---
language:
- en
- hi
- bn
- ta
- te
- gu
- kn
- ml
- mr
- or
- pa
- ur
- as
- brx
- doi
- gom
- kas
- mai
- mni
- ne
- sa
- sat
- sd
license: apache-2.0
base_model: Qwen/Qwen3-VL-4B-Instruct
tags:
- vision
- multilingual
- indic-languages
- lora
- translation
- document-understanding
- fine-tuned
datasets:
- ai4bharat/BPCC
- ai4bharat/Pralekha
- ai4bharat/indicdlp
- lmms-lab/DocVQA
pipeline_tag: image-text-to-text
---

# Sarvam-1-VL-4B-Instruct - LoRA Adapter

## Model Description

Fine-tuned vision-language model for Indic languages based on Qwen3-VL-4B-Instruct.

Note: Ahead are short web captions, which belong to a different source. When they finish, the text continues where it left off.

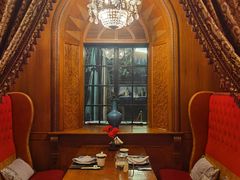 -马勒别墅·中餐厅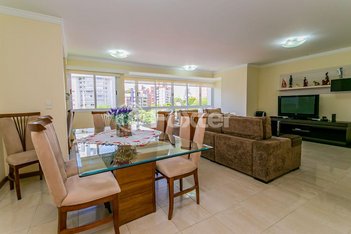 apartment em Rua Desembargador Alves Nogueira, Petrópolis - Porto Alegre - RS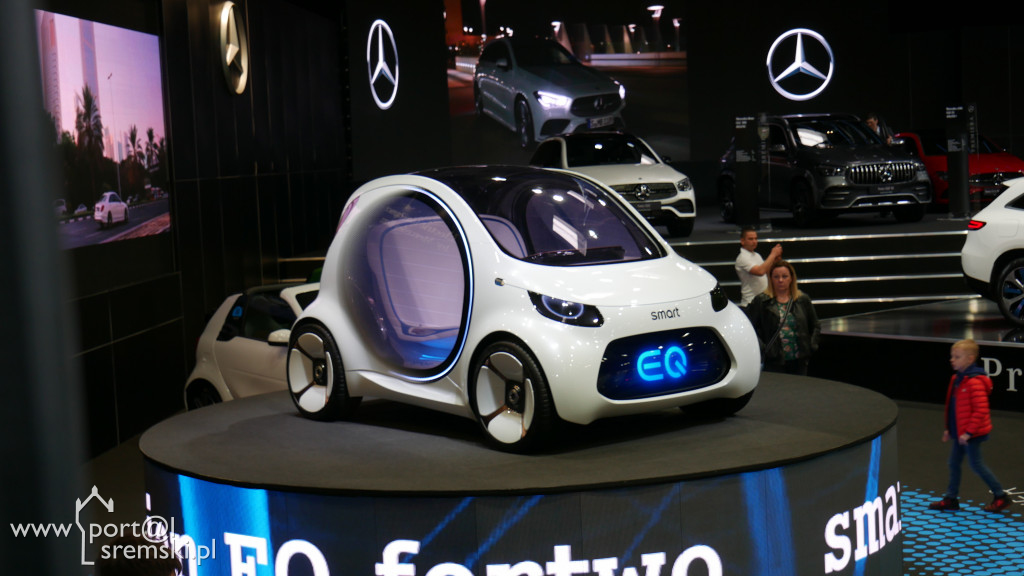 Poznań Motor Show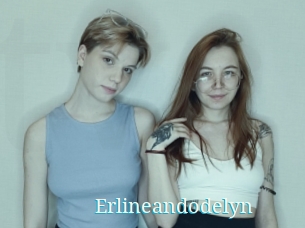 Erlineandodelyn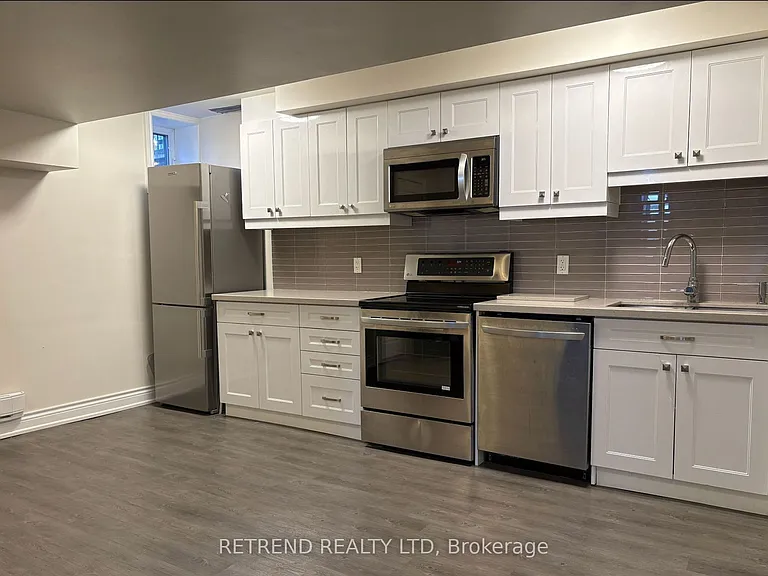 892 Palmerston Ave #BXMT — Photo 5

This is the **LoRA adapter** that needs to be merged with the base model.

## Training Details

- **Base Model:** Qwen/Qwen3-VL-4B-Instruct
- **Training Method:** LoRA (Rank 128, Alpha 256)
- **Training Steps:** 2,000
- **Training Time:** ~8.9 hours
- **Final Loss:** 6.25
- **Effective Batch Size:** 16

## Datasets

Trained on 4 datasets covering:
- **Translation** (40%): BPCC - 22 Indic languages ↔ English
- **Instruction Following** (20%): Pralekha - 11 language pairs
- **Document Layout** (30%): IndicDLP - Document understanding
- **Visual QA** (10%): DocVQA - Question answering

## Supported Languages

Assamese, Bengali, Bodo, Dogri, Gujarati, Hindi, Kannada, Kashmiri, Konkani, Maithili, Malayalam, Marathi, Manipuri, Nepali, Odia, Punjabi, Sanskrit, Santali, Sindhi, Tamil, Telugu, Urdu, English

## Usage

```python
from unsloth import FastVisionModel

model, tokenizer = FastVisionModel.from_pretrained(
    "Qwen/Qwen3-VL-4B-Instruct",
    load_in_4bit=True,
)

# Load LoRA adapter
model.load_adapter("mashriram/Sarvam-1-VL-4B-Instruct")

# Use for inference
```

## License

Apache 2.0

## Citation

If you use this model, please cite the original Qwen3-VL paper and the datasets used.